Korean Circulation Journal 2017; 47(1): 50-55.

Published online: 12 December 2016

DOI: https://doi.org/10.4070/kcj.2016.0093

Impact of Chronic Kidney Disease on Long-Term Outcome in Coronary Bypass Candidates Treated with Percutaneous Coronary Intervention

Jian-Rong Peng, MD¹, Chi-Jen Chang, MD^1,^2,³, Chun-Li Wang, MD^1,³, Ying-Chang Tung, MD¹, Hsin-Fu Lee, MD^1,²

¹Division of Cardiovascular, Department of Internal Medicine, Chang Gung University, Taoyuan, Taiwan.

²Cardiovascular Intervention Center, Chang Gung Memorial Hospital, Taoyuan, Taiwan.

³Chang Gung University, College of Medicine, Taoyuan, Taiwan.

Correspondence: Hsin-Fu Lee, MD, Division of Cardiovascular, Department of Internal Medicine, Chang Gung Memorial Hospital, Linkou, Taoyuan, Taiwan. Tel: 886-3-3281200, Fax: 886-3-3271192, hsinfu.lee@gmail.com

Received 6 March 2016 Revised 26 July 2016 Accepted 9 September 2016

The Korean Society of Cardiology

(open-access):

This is an Open Access article distributed under the terms of the Creative Commons Attribution Non-Commercial License (http://creativecommons.org/licenses/by-nc/3.0/) which permits unrestricted non-commercial use, distribution, and reproduction in any medium, provided the original work is properly cited.

Abstract

Background and Objectives

The aim of this study was to identify clinical, lesional, and procedural predictors for adverse outcomes of coronary angioplasty and stenting in coronary bypass candidates.

Subjects and Methods

This cohort study included 107 consecutive candidates for coronary artery bypass surgery who underwent percutaneous coronary intervention with multiple coronary stents between Jan 2004 and Dec 2011. The study endpoint was major adverse cardiovascular events (MACEs) including all-cause mortality, nonfatal myocardial infarction, repeat revascularization, and stent thrombosis. Follow up was from the date of index percutaneous coronary intervention to the date of the first MACE, date of death, or December 31, 2015, whichever came first.

Results

In this study (age 62.3±11.2 years, 86% male), 38 patients (36%) had MACE. Among baseline, angiographic, and procedural parameters, there were significant differences in lower left ventricular ejection fraction (LVEF) and worse renal function. In a Cox regression model, LVEF and chronic kidney disease (CKD) were significant predictors for MACE. After a multivariate adjustment, CKD remained a significant predictor of MACEs (hazard ratio: 2.97, 95% confidence interval: 1.50-5.90).

Conclusions

For coronary bypass candidates who were treated with coronary angioplasty and stenting, CKD seems to be the strongest predictor for adverse outcomes compared with other traditional factors.

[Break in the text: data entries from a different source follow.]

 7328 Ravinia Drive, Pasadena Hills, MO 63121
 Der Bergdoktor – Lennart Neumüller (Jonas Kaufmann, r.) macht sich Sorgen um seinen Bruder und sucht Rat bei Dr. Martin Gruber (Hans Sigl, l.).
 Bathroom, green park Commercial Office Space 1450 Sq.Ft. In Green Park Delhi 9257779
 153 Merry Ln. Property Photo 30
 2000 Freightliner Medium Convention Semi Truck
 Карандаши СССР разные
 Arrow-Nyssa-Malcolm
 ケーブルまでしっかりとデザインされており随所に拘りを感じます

Keywords: Coronary artery disease, Coronary angioplasty, bypass surgery, Chronic kidney disease

Introduction

With the development of drug-eluting stents (DES), results of percutaneous coronary intervention (PCI) have improved significantly but remain strongly influenced by the severity and extent of multivessel coronary artery disease (CAD).1 2 3) This was clearly demonstrated in the SYNergy between PCI with TAXus and the cardiac surgery (SYNTAX) trial, an “all-comers study” that randomised patients with 3-vessel disease, including those with left main stenosis, to receive PCI with DES or coronary artery bypass graft (CABG).4)5) However, a recent published study of randomized comparison of coronary artery Bypass surgery and Everolimus-eluting Stent implantation in the Treatment of patients with multivessel coronary artery disease (BEST) trial showed better clinical outcomes for multivessel CAD patients treated with a newer generation of DES.6)

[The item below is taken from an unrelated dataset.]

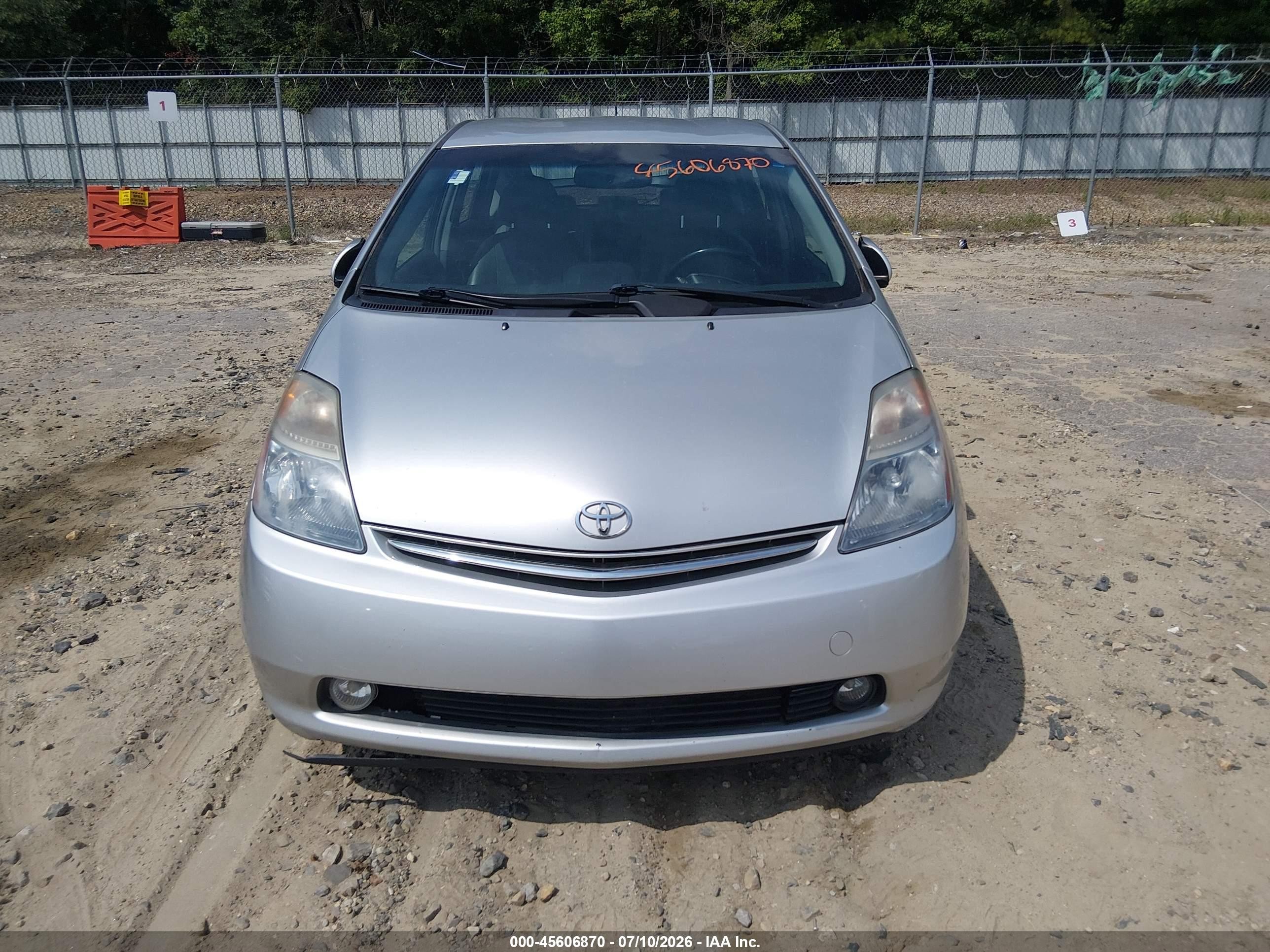 2009 Toyota Prius   Серебряный vin: JTDKB20U697885360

Due to the concern that some patients may not be good candidates for CABG because of advanced age or multiple comorbidities-or even because of patients' preferences-some patients with multivessel CAD are treated with PCI. Although several risk-stratification models have been suggested to predict early or long-term cardiovascular events after PCI, little is known about the predictor of adverse outcomes in coronary bypass candidates treated with PCI The objective of the present study was to identify clinical, lesional, and procedural predictors for adverse outcomes after PCI with multiple coronary stents in patients who are candidates for CABG.

Subjects and Methods

Patient population

In our cohort study between January 2004 and December 2011, 124 multivessel CAD patients who were candidates for CABG but received PCI with multiple coronary stents were enrolled. Making the decision to receive PCI instead of CABG may be either due to a physician's opinion that the patient is not a good candidate or because it is the patient's preference. Patients were excluded if 1) with cardiogenic shock before PCI, 2) had contraindications for dual antiplatelet therapy, 3) had been diagnosed with cancer before they received PCI, or 6) PCI details, or follow-up data were missing (Fig. 1).

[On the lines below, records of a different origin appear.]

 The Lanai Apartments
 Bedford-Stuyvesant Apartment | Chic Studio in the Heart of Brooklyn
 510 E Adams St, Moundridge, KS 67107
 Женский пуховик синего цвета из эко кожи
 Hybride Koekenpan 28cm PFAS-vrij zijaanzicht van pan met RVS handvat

Revascularization and treatment strategy

Significant coronary lesions that required PCI were defined as those with a stenosis of ≥70% in a segment with a reference diameter of ≥2.0 mm as shown by quantitative coronary angiography. For patients who presented with myocardial infarction with ST elevation, the non-infarct-related lesions were treated by separate interventions within 3 months. All complex lesions, including left main lesions, bifurcation lesions, calcified lesions, long lesions, chronic total occlusion, and ostial lesions of the 3 major coronary arteries had been limited to be treated with DES. Because DES is not covered by Taiwan national insurance, other significant lesions may been treated by bare-metal stents (BMS) according to patient preferences and physician treatment practices. The types of DES implanted were as follows: 1) sirolimus-eluting stents; 2) paclitaxel-eluting stents; 3) everolimus-eluting stents; 4) biolimus A9-eluting stents; and 5) zotarolimus-eluting stents. The choice regarding the use of a specific type of DES was left to the operator's discretion. Sirolimus-eluting and paclitaxel-eluting stents are classified as a first generation DES. Procedural success was defined as a final diameter stenosis of <20% by quantitative coronary angiography (QCA) with normal flow according to the thrombolysis in myocardial infarction (TIMI)-3 criteria. Complete revascularization was defined as successful angiographic results in the major epicardial vessels and their major branches with a reference diameter of ≥2.0 mm, and it had intentionally been done. Follow-up coronary angiography was not routinely performed except for patients with recurrent angina, myocardial ischemia revealed by noninvasive stress tests, or left main CAD.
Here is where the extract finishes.